Lo que el PSOE tiene ahora que dilucidar es si se enfrentan a unas elecciones en diciembre que les puede conducir a la irrelevancia política, o pasan esa suerte y ganan tiempo para refundar el partido que es una hipótesis solo probable, porque la decadencia viene de bastante atrás y ninguno de los actuales jefes de corriente ha hecho el diagnóstico ni ha propuesto el tratamiento vivificador.

Tal y como están puestos los bolos el día 23, domingo, el comité federal del PSOE tomará una decisión que ratificará la división del partido porque es muy probable que la parte perdedora romperá la disciplina del partido. Algo que volvería a repetirse una semana después, el día 30 cuando Rajoy acuda a la cámara para lograr la investidura en segunda votación.

A partir de ese momento un PSOE, profundamente dividido, tendrá que indagar sobre su identidad, su programa, su liderazgo y su futuro. Tendrá que preparar un Congreso decisivo y, por el camino, gestionar las alianzas que le otorgan poder en Comunidades y Ayuntamientos, las fugas de representantes, las conspiraciones habituales elevadas al cubo...

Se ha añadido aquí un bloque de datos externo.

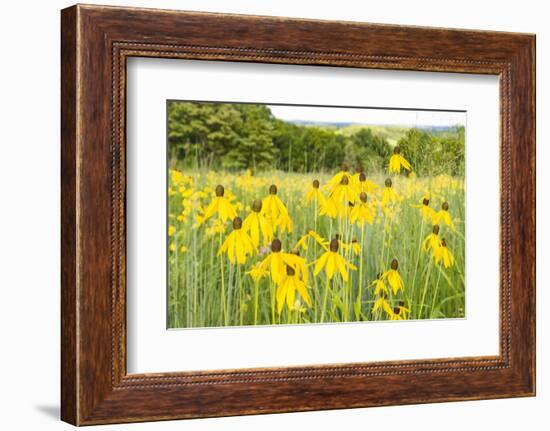 New Jersey. Upper Raritan River Basin, meadow of Black-eyed Susan's-Alison Jones-Framed Photographic Print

El único elemento a favor es que hasta 2019 no hay una cita electoral inevitable (marzo: andaluzas; mayo: europeas; municipales y autonómicas: septiembre: catalanas… Todo ello siempre que no se produzca un anticipo, muy previsible, de generales (posible desde mayo del 2017), catalanas, andaluzas…

Por tanto al PSOE se le abre una ventana de oportunidad para gestionar sus enfermedades sin el agobio insoportable de una campaña electoral desde ahora hasta la próxima primavera. La otra alternativa son elecciones en diciembre y un enigmático abismo desde el día después. La mejor explicación del estado de ánimo socialista la ha dado esta semana su presidente de la gestora: “la política exige convivir con la decepción” porque ese debe ser el estado de ánimo de los socialistas que han protagonizado el socialismo español de las últimas décadas, del éxito a la decepción, a la que están abonados desde hace años y de la que no parecen que vayan a salir, e decepción en decepción, hasta la nada final.

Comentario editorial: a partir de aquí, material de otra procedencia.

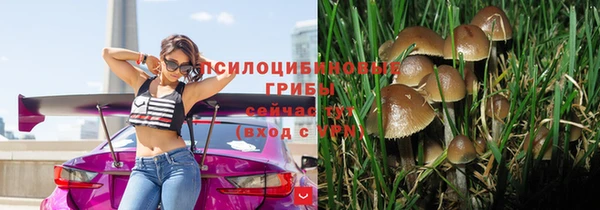 гидра Беломорск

El 1 de noviembre amanecerá un PSOE agotado, dividido, sin proyecto ni estrategia, sometido a bandos y bandas sin otro objetivo que la supervivencia de los instalados. Repasar la trayectoria, por ejemplo, del socialismo navarro ilustra bien lo que les puede ocurrir, de ganar elecciones al quinto puesto, justito para mantener unos amiguetes burocratizados, un aparato sin base.